Got it. Well, that's very helpful. Thank you so much for answering my questions. I appreciate it.
And our next question comes from Gregory Lewis of Credit Suisse. Please go ahead.
Great. Thank you and good morning. This is Joe Nelson on for Greg.
Hi, how are doing?
Good, how are you? Just kind of following up on an earlier question, given the announcement earlier this week that that it looks like most of the major liner alliances are going to be shaking up and I know you guys have spoken today you are in advanced discussions on some of these non-contracted newbuilds. Has this shakeup impacted those negotiations at all? And to what extent you can speak to that?
It has, it definitely has, because until after its liner – until after its liner company knows, in which alliance it will be operating, it’s going to be difficult to commit for tonnage for the medium or long-term, because – simply because they don’t know what needs exactly they will have.
So we feel that over the next couple of months, probably we will have a better picture which is something that would also help our plans going forward with chartering those vessels.
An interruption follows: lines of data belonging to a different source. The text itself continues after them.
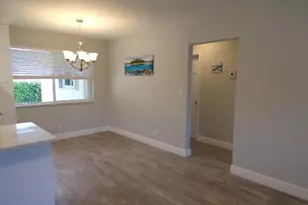 2248 NE 37th St, Lighthouse Point, FL 33064 - Photo 6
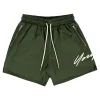 signature_shorts_12.webp Youngla Shorts<115 Signature Shorts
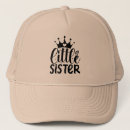 Suche nach best sister kappen Familie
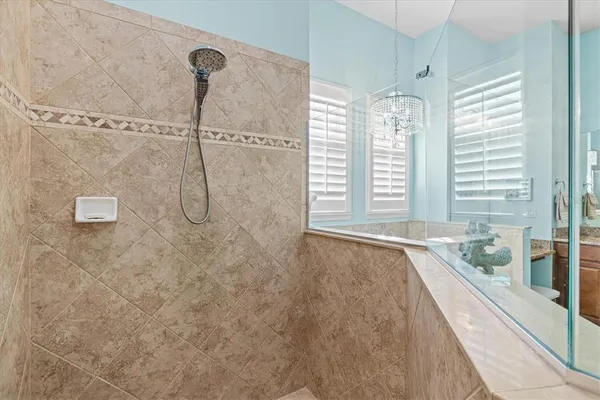 $998,000 | 210 166th Street Northeast, Bradenton, FL 34212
Okay, great, and then maybe another question some – another question kind of somewhat related. We are about two months away from the Panama Canal, the new locks opening and there really hasn't been much in the way of kind of announcements as far as new services taking advantage and in this particularly relates, it looks like you guys have the five un-contracted vessels or sort of that new post-Panamax class.
I mean, amongst your customers, how are they thinking about it in relation to their own capacity and utilization? Is this something where people are going to be taking a little bit more of a wait and see approach, or should we expect to start seeing some more announcements over the next couple of weeks about new service lines, sort of maybe upgrading their capacity to some more post-Panamax class vessels?
First of all, I think that this situation should normally be addressed directly to the lining companies who have their own – I mean, and these companies has its own specific circumstances, planning and network and trade routes. I wouldn’t like to say something which maybe applicable to some lining companies and not to some others.
But what I can tell you thus far as we are concerned that the opening of the Panama Canal will definitely assist in the trading of some specific asset classes – sort of asset classes, especially for the post-Panamax vessels and we feel that the Panamax ships which I mean, up to now they have definitely underperformed are going to be obviously hit because to some extent they will be redundant for the purpose they were built - they were built – they were purpose-built vessels in order to navigate through the Panama Canal. Of course, they may find employment in other trade routes. However, the opening of the canal, I don’t think it provides us with a bright future.
Okay, great. That's it for me.
[Operator Instructions] Showing no further questions, I would like to turn the conference back over to Mr. Zikos for any closing remarks.
Yes, thank you. Thank you very much for today being here with us. We are looking forward to speaking to you again in the next quarterly results conference call. Thank you.
And thank you sir. That does conclude our conference for today. Thank you all for participating. You may now disconnect.